1番・筒香嘉智、2番・ソト──。10月7日の広島対DeNA(マツダスタジアム)のオーダーが発表されると、スタンドはどよめいた。チームはもちろん、侍ジャパンでも4番を務めた筒香がプロ入り初となる1番で起用されたのだ。
ラミレス監督の采配に、ネット上では否定的な意見が多かった。クライマックスシリーズ(以下、CS)進出の可能性を残す中で、広島・丸佳浩と本塁打王争いをしていた筒香とソトに打席を多く回らせるために1番、2番に置いたと脊髄反射された面もあっただろう。
だが、ラミレス監督は決してCSを諦めたわけではなく、狙いは他にあった。自軍の看板選手のホームラン王争いが広島の先発・大瀬良に与えた心理的影響は大きかったのか、初回1番・筒香は四球、2番・ソトは死球で無死1、2塁のチャンスを迎えた。3番・乙坂智のバント失敗による併殺打でチャンスは潰えたが、ラミレス監督の奇策は初回からハマったのである。野球担当記者が話す。
「結局、4対3で勝ったこの日の全打点はソトと筒香によるもの。ソトは3打点、筒香は5打席で4度出塁。1番、2番と大砲が続く打順が相手投手に与えたプレッシャーは計り知れず、『1番・筒香、2番・ソト』のラミレス采配は当たったと言っていいでしょう。
監督はどんな采配をしても、必ず批判は出る。勝っても、ファンは自分の好きな選手が冷遇されているように思えば、不満を述べる。まだCS進出の可能性がある中で、『1番・筒香、2番・ソト』は批判の対象になることはわかっていたはず。それでも、外野の声を恐れずに実行する。ラミレス監督は信念を持ってブレずに采配する特質を持っている」
ラミレス監督は、方々から疑問視されている『8番・投手』の打順を今年、一度も変更していない。

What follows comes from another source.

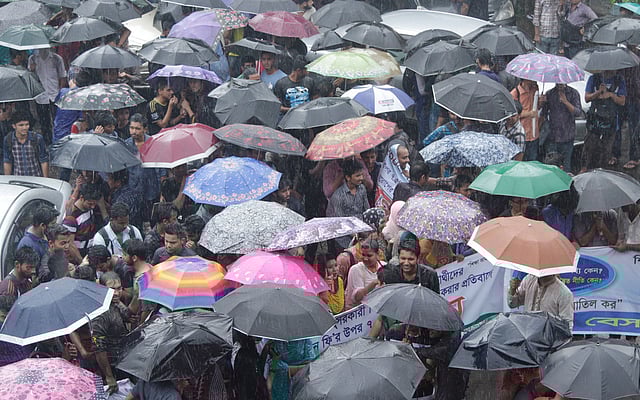 বেসরকারি বিশ্ববিদ্যালয়ের ৭.৫% ভ্যাট প্রত্যাহারের দাবিতে বৃহস্পতিবার চট্টগ্রাম জেলা প্রশাসন কার্যালয়ে স্মারকলিপি প্রদান করে বেসরকারি বিশ্ববিদ্যালয়ের শিক্ষার্থীরা। এ সময় ভারী বৃষ্টি উপেক্ষা করে ছাতা মাথায় শিক্ষার্থীরা কর্মসূচি পালন করেন। ছবি: জুয়েল শীল, চট্টগ্রাম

「『8番・投手』で潰えるチャンスも多々見られる。9番に1番に繋げる打者、チャンスに強い打者を置くと言いながら、打率1割台の捕手を据える試合もあり、あまりに『8番・投手』という形式にこだわり過ぎだと思います。ただ、信念を押し通していることは伝わって来る。『1番・筒香、2番・ソト』にしても、データを元にした自分なりの根拠があるからこその采配でしょう」
勝てば官軍のプロ野球界。昨年のポストシーズンではCSを勝ち上がり、日本シリーズに進出して“ラミレス・マジック”と称えられた。自力3位のなくなったDeNAが徳俵から巻き返すか。